Keeping up with my coverage of vintage popstars only your tía and I care about, Ana Gabriel, one of the best selling Mexican singer-songwriters, finally opened up about her sexual orientation — sorta.

It’s nobody’s business, really, but since she often wears Hillary Clinton-like pantsuits, has never publicly been seen with a significant other, and has a deep, raspy voice, curiosity over Ana Gabriel’s sexuality have been floating around for decades.

Certain ambiguously-worded songs from her beloved catalog, such as “Simplemente amigos,” are some of the best-known gay torch songs in Latin American.

It’s all in the lyrics:

“There’s not much we can reveal to others, other than ‘we’re only friends and little else.’ Yet, nobody really knows what happens between us after we feign our goodbyes. I’d give anything to make our love known; to tell them we love each other uncontrollably behind closed doors. We wake up holding each other, and with a desire to keep loving one another, but the reality is that they’ll never accept our love.”
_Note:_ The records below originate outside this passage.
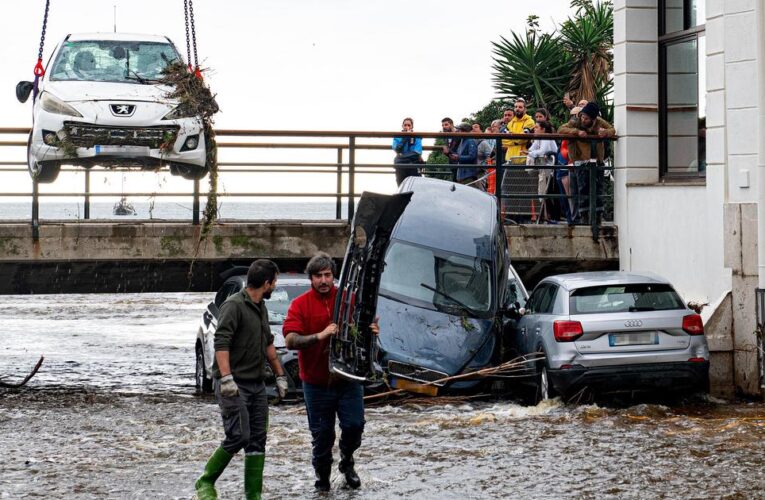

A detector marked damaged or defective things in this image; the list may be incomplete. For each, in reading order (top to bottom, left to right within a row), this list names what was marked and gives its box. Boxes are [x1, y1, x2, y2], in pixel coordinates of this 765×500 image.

damaged vehicle [17, 34, 207, 185]
damaged vehicle [194, 270, 308, 402]
damaged vehicle [374, 178, 528, 396]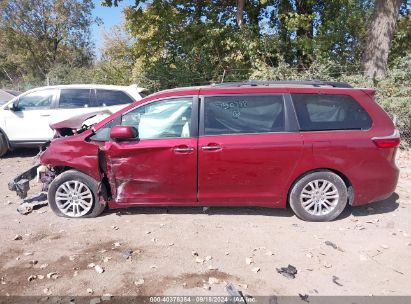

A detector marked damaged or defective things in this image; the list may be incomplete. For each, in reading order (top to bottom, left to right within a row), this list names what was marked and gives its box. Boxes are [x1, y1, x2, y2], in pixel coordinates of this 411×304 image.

dented rear door [104, 95, 199, 204]
exposed wheel well [288, 167, 356, 208]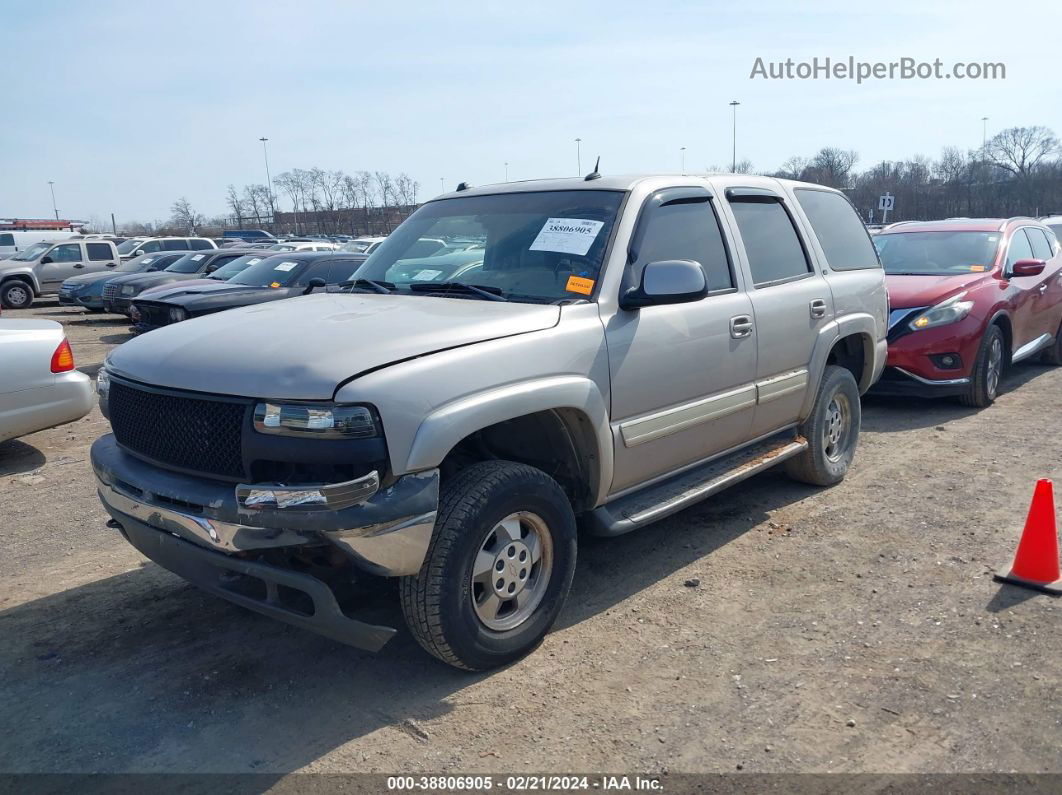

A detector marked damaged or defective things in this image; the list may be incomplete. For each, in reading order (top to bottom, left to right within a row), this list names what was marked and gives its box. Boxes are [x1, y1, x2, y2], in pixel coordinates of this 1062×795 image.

Ana Gabriel could be talking about her gardener, but it’s easy to see why such obscure lyricism would resonate with old-school gay audiences, many of whom grew up in largely homophobic Latin American countries.

But in October of 2015, while performing in Monterrey, Mexico, Ana openly addressed the old hearsay — somewhat awkwardly —and told her fans she considers herself “asexual.”

She also used the word “umbrella” as a double entendre, for some confusing reason:

“Why do they always ask the same question? They have not seen me with a man, but also not with a woman. At this age I have to nab someone older and without an umbrella. That way I’ll be turned around. I’m better off being asexual, just like the angels.”

For those of you interested in decoding the full message, someone caught the last part of Gabriel’s proclamation on video (FYI: the audio is super shitty).

Ana Gabriel deserves our collective respect not just because she’s a talented singer and a songwriter, but because she’s made an impressive career based solely on her talent, and not on her looks. In macho Latin America, that kind of thing is unheard of — especially for women (just ask Amandititita).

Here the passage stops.